We’re caught up in the moment, engrossed in our jobs, then boom! At the most inconvenient time, the tech fails and you’re thrust into a pit of misery as you curse your past self for being a moron and not hitting save.
Thankfully, this is much less of an issue than it used to be. Most things just save automatically now.
But for those of us who work in crypto, we’re still living in the pre-autosave era.
If you make a mistake here, there is no turning back. No reboot function. If you sign a dodgy contract, or paste the wrong address, or fall in love with an attractive woman who is actually a North Korean male, you can’t just reboot the app and start again. No. Everything you’ve worked for is gone.
In a bull market, the risk of this happening is even greater.
All logic flies out the window.
You see your friends making life-changing wealth copy trading someone called “Bonk Guy.”
Strangers on the internet you have a parasocial relationship with are posting screenshots of wallets with millions of dollars in them.
Stuff is going up. Dumb stuff is going up more. Your Uber driver tells you this is his last day on the job because XRP is going to $100.
Everyone around you is taking risk. Maybe you should take more risk too?
Then, before you know it, your life savings are stored in 20x leveraged perps positions and Moonbirds. Your pension has been converted into a Cardano treasury company and you’ve quit your job to doomscroll Twitter and argue with your other unemployed friends on Telegram.
Of course, these are massively exaggerated examples, but the trend is often very real. If you’ve existed in crypto for any prolonged period of time, it’s likely happened to you. You’ve woken up one day and realised, what the hell am I doing? Why do I have my annual salary in Zerobro?
Ultimately, we are still just monkeys wearing clothes. We act on emotion and badly optimised instincts. We are designed to live in the woods and to climb trees and stuff - not to trade complex derivative products we don’t understand on rectangular boxes of doom.
But the good thing about humans is that we do have part of our brain that's rational. Part of our brain that can plan. Part of our brain that is capable, sometimes, of taking a step back from the dopamine machine gun and thinking more than three seconds into the future.

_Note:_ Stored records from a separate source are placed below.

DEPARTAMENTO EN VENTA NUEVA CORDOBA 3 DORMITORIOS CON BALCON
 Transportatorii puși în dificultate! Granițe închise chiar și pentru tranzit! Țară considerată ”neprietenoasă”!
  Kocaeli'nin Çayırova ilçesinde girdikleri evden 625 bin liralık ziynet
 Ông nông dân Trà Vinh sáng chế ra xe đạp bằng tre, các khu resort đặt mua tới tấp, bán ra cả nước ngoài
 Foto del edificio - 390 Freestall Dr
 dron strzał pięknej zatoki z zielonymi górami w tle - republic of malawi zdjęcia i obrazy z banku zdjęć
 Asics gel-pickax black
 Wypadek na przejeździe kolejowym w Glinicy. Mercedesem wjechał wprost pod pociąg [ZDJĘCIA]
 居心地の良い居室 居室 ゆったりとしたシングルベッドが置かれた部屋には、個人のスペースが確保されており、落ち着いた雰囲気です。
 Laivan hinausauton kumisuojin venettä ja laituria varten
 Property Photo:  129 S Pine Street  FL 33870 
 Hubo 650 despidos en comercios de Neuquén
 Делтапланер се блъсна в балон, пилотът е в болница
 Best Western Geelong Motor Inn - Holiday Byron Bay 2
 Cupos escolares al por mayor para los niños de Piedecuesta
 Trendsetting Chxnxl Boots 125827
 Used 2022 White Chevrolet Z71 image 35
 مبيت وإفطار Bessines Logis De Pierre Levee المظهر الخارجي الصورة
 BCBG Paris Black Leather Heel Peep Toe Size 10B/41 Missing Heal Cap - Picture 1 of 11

Image from the amazing Tim Urban on his post about procrastination
We just have to actively make a choice to put down Twitter, breathe for a few seconds, and switch the rational decision-maker part of the brain on.
On the rare occasion I accomplish this, I like to use this brief period of clarity to figure out where my respawn point is.
What's a respawn point?
In gaming, a respawn point - or a checkpoint, as it’s often called, is the place you start again from after you have died.
The reason games have these is because it would be incredibly frustrating to spend six hours playing, only to be defeated by a difficult boss near the end and then be forced to restart the entire thing from the beginning.
But often, in finance and investing, we find ourselves doing just that. Continuing along, playing the game, never once taking a second to think about where we’d end up if something bad happened.
As readers of this blog will know, in crypto, bad stuff happens all the time.
Just as we start to feel safe, something insane happens. We’re used to black swans. We’ve lived through FTX. We’ve had bank accounts closed. We’ve seen our friends get hacked. We’ve seen projects we believed in go to zero. We’ve seen Coinbase gift wrap and hand-deliver our personal data to crooks.
So if you haven’t already, it might be a useful exercise to sit down at your computer, open a spreadsheet, and calculate where you’d financially respawn if something tragic happened.
Imagine one day Satoshi awoke from the dead like some kind of angry Bitcoin Jesus, FSH’d all his coins whilst screaming THIS WAS NOT MY VISION!!
Ask yourself the following:
What would happen to my portfolio?
How long would it take me to get back to where I am now?
Would my life be entirely ruined?
Would my wife leave me?
Am I okay with this?
Even if you’ve been here a while and think you know what you’re doing - all it takes is one misstep, one wrong click, one black swan, one quantum computing innovation, one war, and it’ll happen to you too.
From Taleb - Turkeys have a great life, until one day, it's suddenly all over
Where should my respawn point be?
I guess this is where someone who wears a suit to work would tell you that this is all extremely obvious and you should just have a balanced portfolio instead of your entire net worth in Fartcoin.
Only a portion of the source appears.